-- Aim of the exercise --
Find the lines of the listing that contain the string "dining", and return them.
○ ○ ○ ○
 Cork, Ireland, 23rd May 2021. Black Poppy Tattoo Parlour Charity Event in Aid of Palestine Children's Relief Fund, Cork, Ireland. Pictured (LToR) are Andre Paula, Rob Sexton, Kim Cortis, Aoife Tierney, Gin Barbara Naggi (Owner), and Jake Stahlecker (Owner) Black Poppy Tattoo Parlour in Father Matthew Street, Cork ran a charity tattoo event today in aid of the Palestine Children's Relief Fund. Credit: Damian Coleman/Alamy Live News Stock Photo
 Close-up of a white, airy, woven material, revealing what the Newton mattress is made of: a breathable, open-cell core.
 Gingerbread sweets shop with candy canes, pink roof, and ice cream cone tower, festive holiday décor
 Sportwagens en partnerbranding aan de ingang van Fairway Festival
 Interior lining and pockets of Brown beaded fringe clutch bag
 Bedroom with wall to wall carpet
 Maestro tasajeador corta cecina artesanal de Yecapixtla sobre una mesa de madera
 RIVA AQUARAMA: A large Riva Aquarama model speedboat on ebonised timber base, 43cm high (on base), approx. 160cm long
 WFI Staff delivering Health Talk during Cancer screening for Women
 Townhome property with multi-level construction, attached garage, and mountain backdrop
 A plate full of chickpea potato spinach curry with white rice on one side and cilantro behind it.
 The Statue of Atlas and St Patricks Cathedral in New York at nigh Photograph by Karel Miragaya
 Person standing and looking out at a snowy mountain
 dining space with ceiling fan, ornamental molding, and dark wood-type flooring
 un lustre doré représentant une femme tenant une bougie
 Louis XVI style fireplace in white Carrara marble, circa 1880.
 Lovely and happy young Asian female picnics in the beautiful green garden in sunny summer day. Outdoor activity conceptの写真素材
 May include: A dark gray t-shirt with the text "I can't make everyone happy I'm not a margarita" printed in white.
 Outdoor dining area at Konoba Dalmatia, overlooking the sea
○ ○ ○ ○
-- Result --
 dining space with ceiling fan, ornamental molding, and dark wood-type flooring
 Outdoor dining area at Konoba Dalmatia, overlooking the sea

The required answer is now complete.